Томирис смотрит на меня по-доброму, с жалостью, говорит тихо, просяще:
— Выпейте, это не больно.
Протягивает мне стакан.
— Это яд?
— Нет, что вы! — чуть обижено отзывается она. — Мы не шарлатаны какие-нибудь. Это — дрель.
— Это? — не веря, тычу на стакан.
— Да, она самая.
— И вы не станете сверлить мне мозг?
— Если выпьете — не станем.
Киваю, беру стакан дрожащими руками, пью, зубы выбивают дробь о край посудины. Микстура даже вкусна. Нотки лимона и каштанового мёда, но горло обжигает, как крепкое спиртное.
Меня ведёт, Ландар вовремя ловит и несёт на кровать. Когда укладывает, я сопротивляюсь, потому что мне нужно выяснить главное, иначе не успокоюсь.
Выглядываю из-за плеча мужа, наблюдаю, как доктор и его помощница укладывают предметы назад в саквояж.
Но я должна спросить, иначе меня разорвёт.
— Почему дрель?
Слова даются с трудом. Язык едва ворочается.
Доктор округляет глаза.
— Так вы не знаете, что такое дрель?
— Знаю, это предмет такой… Им сверлят…
— Нет же! — со смехом отмахивается лекарь. — То — мозгоковырялка. А дрель — древо-лекарь, сокращение такое. Отвар из плодов нескольких деревьев, экстракт из коры других, настой из веток третьих… Вот и готова наша дрель.

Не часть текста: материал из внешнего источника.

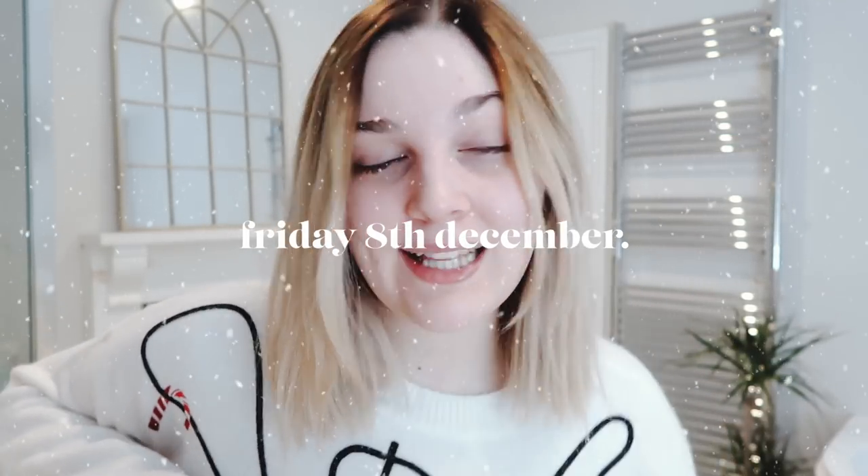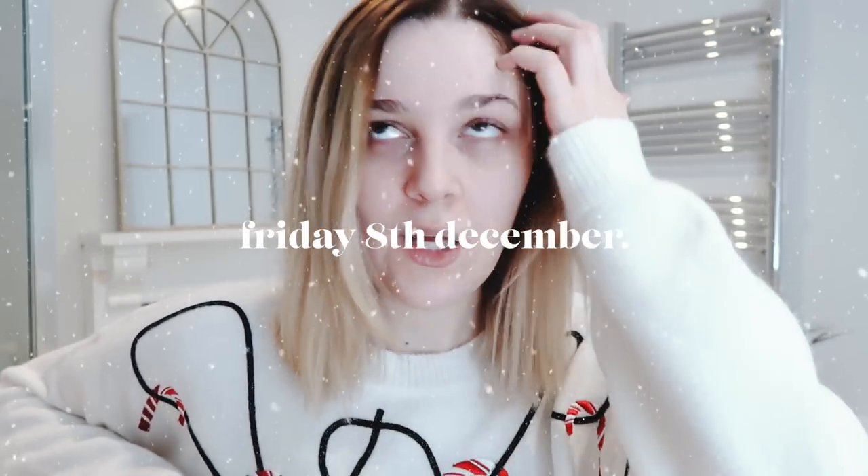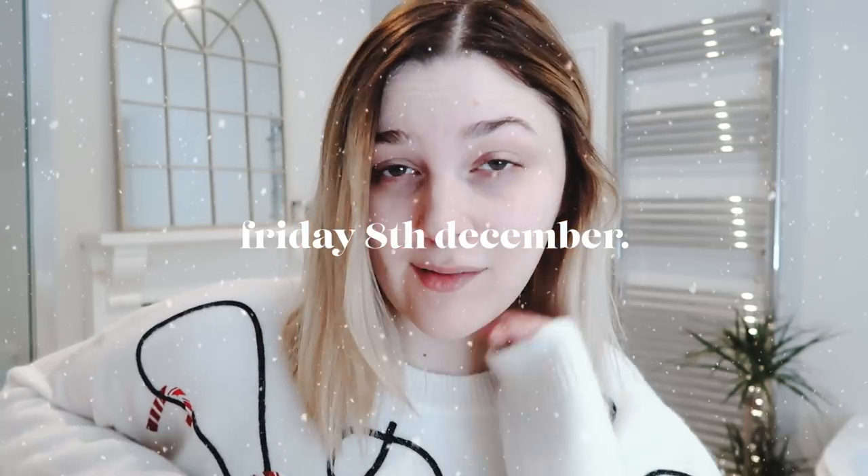Hi guys, so it's Friday, it's vlogmas day 5, and I haven't really vlogged at all. I vlogged — I think I was making coffee at one point. I'm just editing; that's all I've been doing today. So it didn't turn out to be such a fun vlog, but I'm going out tonight for a kind of Christmasy dinner and I'm gonna do my makeup a little bit fancier than I normally would, so I thought we would get ready together.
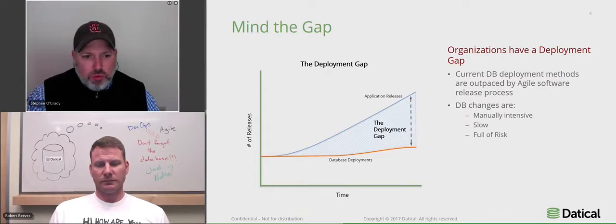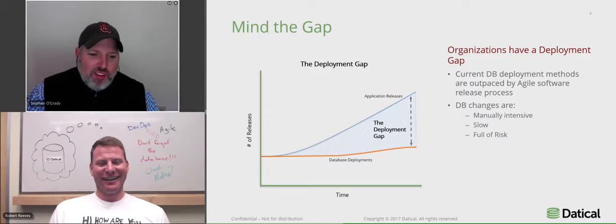We want to bring in DBAs. We want a more inclusive organization. But we're talking about dollars and cents as well — we're not going to be able to get our software out until we solve this bottleneck around the database. It's just amazing that the application development process looks nothing like it did ten years ago, certainly fifteen years ago. The database process looks pretty much the same. That's actually an unintended segue to the deployment gap.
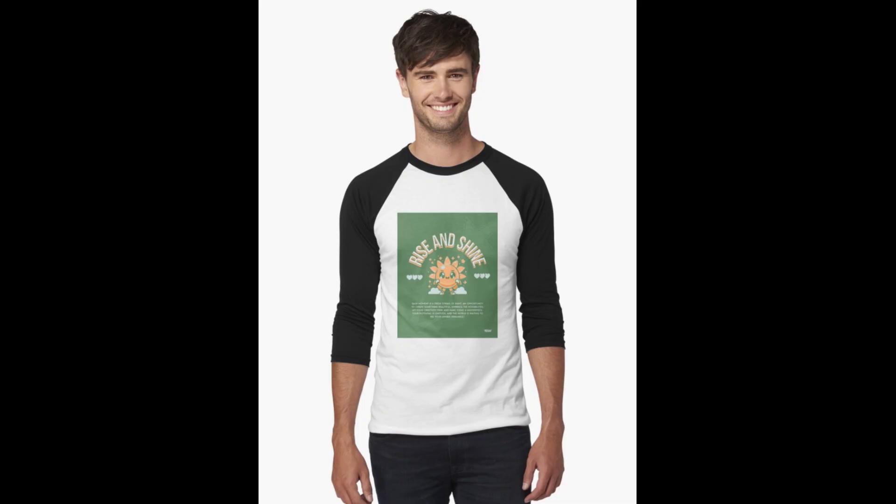Coming in at number five, we have the Rise and Shine baseball t-shirt. It's beautiful. It's got black sleeves and a little cartoon sun guy on the front, and it says Rise and Shine. I'm very proud of the design. I love the colors — it's got my favorite color green in it. And if it was up to me, I would have this cover the whole shirt, but just having the print on the front like this is really cool.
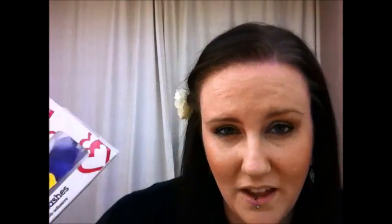These are purple feather eyelashes. I just thought they were amazing, and I've never worn anything like that before — and realistically I still haven't worn them because I didn't wear them. But they were really quite special.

Утыкаюсь в плечо Ландара, хохочу.
Какой дикаркой они, наверное, увидели меня сейчас! Обычно попаданки аборигенов магических миров считают дикими и отсталыми, а тут я, человек из цивилизованного двадцать первого века, такое учудила, даже не разобравшись.
Ландар гладит меня по спине и виноватым тоном говорит доктору:
— Простите её. Моя жена двадцать лет просидела в башне. Многого не знает.
— Бедное дитя, — качает головой доктор, раскланивается, подхватывает саквояж и Томирис под локоток, и спешно ретируется.
Когда за доктором и его ассистенткой закрывается дверь, Ландар поворачивается ко мне и внимательно смотрит в глаза.
Потом, приподняв лицо за подбородок, спрашивает немного грустно:
— Ты, правда, подумала, что я позволю причинить тебе вред? Сделать с тобой что-то дурное? Ты столь плохого обо мне мнения?
Отползаю, закрываю пылающее лицо руками и с трудом произношу:
— Да.
Он вздыхает, встаёт, уходит на время в свою мастерскую и вскоре возвращается с маленькой коробочкой.
Она выглядит смутно знакомой.
Однажды ко мне уже подходили с коробочкой.
Ландар протягивает презент мне и говорит:
— Открой. Может, это тебя переубедит?
Выполняю с опаской, зная, что увижу внутри, но всё равно не удерживаюсь от возгласа:
— Горошина!
Ландар усмехается:
— Никогда ещё не видел, чтобы кто-то так радовался простому гороху.
Вздыхаю слегка разочаровано:
— Разве она не та самая?
В глазах Ландара промелькивает нечто странное: боль? отчаяние? страх? Лишь краткий миг, но я успеваю заметить.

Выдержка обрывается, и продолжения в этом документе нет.